To allow these two remote devices to talk to each other ( AKA Connection) would use PORT FORWARDING on a Firewall/Router/Switch
If you have a wide-area network (WAN) or metropolitan area network (MAN) environments with a domain controller these could be pubic IP Address but from what was stated seams like you have two Local area networks trying to send data between the two.

I’m not sure what Graylog configuration file would do for connecting two Local Area Networks.

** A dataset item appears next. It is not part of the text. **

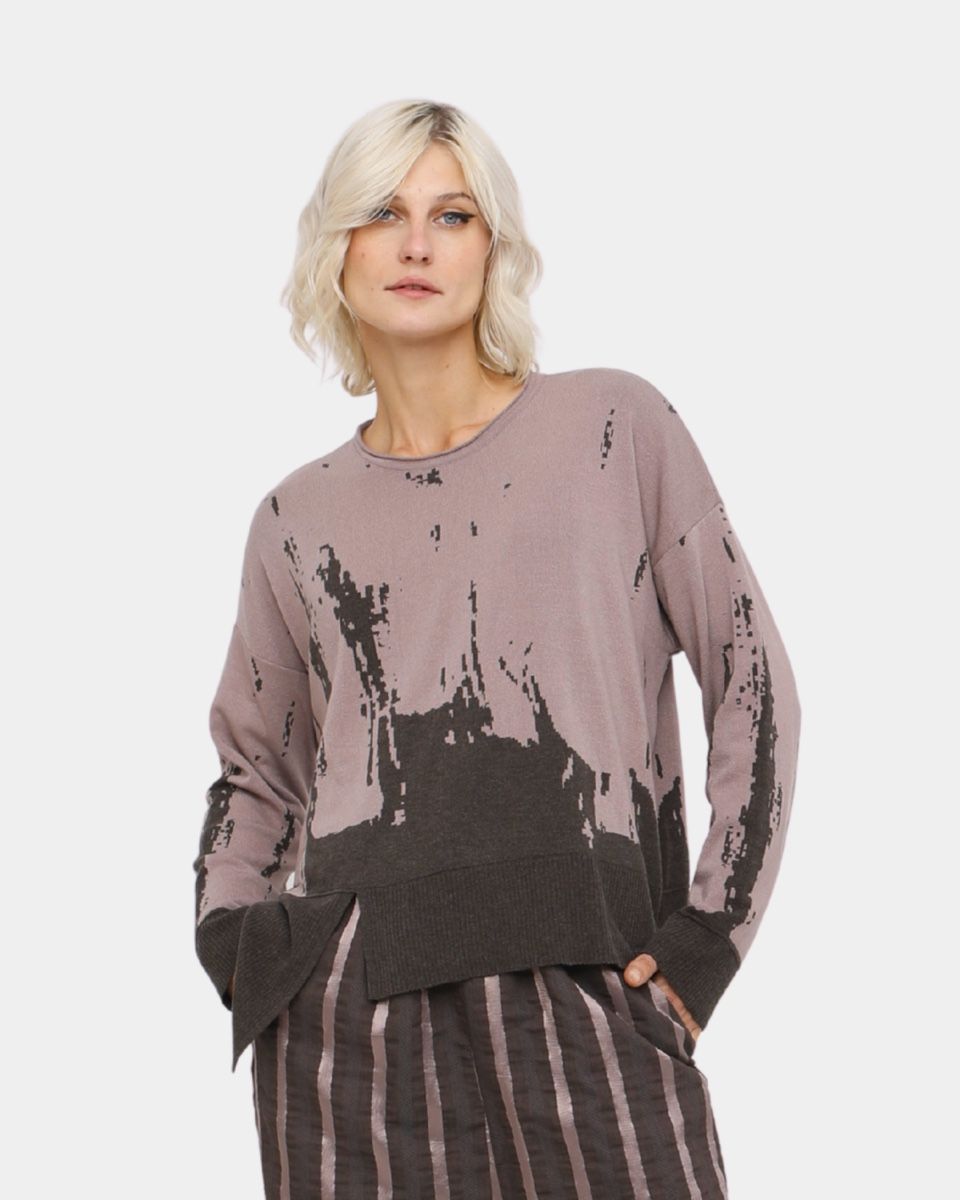 Pullover & Sweatshirts: Pull réversible OZAI N KU, taille S/M, neuf !  – Neu und originalverpackt aus Morges von sandy069 4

I have opened the ports that I have configured to access the server and to send ports, to the server I can access from another network, but if I put a public ip logs do not arrive and if I put the private ip the server the client to be in another country and therefore in another network are not seen, do you have any idea what to do?
but if I try to access it with a client on the same network, it does arrive

Hello,

Exactly what I’m trying to tell you. Please reread my past post.

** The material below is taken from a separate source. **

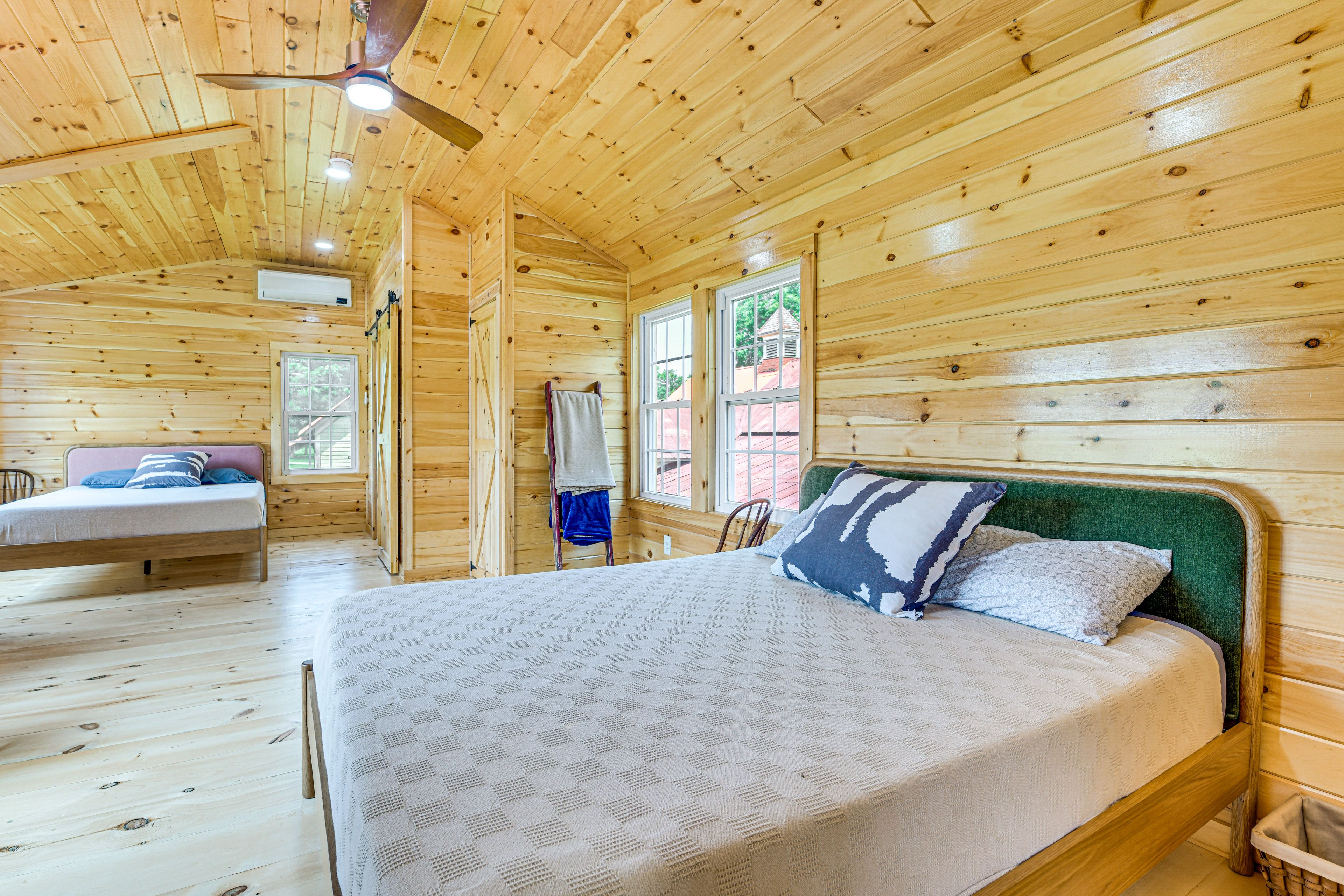 Bedroom 2 | 2 Queen Beds | 2nd Floor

I’m sorry, but I don’t understand what you’re saying, I have the ports open in the router.

I don’t understand much English either and if you could explain it to me in a simple way I would appreciate it.

Hello,

You need to configure Irelands Firewall Public Ip Address to point to Spain’s Firewall Public IP address using a port (i.e.1514) or any other port you want. Ireland does not know where Spain is, so you need to tell Ireland where to go and what port to use (public IP address & port) once data arrives In Spain you need to redirect the data using that port ( i.e. 1514) to point to Graylog.

Example:

My apologies I cant teach you networking over the internet, so perhaps watching this may enlighten you.

And is it normal that when I try to test on a client that is on the same network I put the external ip in the configuration file and they don’t arrive either?
and thank you very much for helping me

Yes it is.

Your welcome :slight_smile:

ok, let’s see if i have found out i have to configure the router in ireland to forward port 3514 to my public ip no?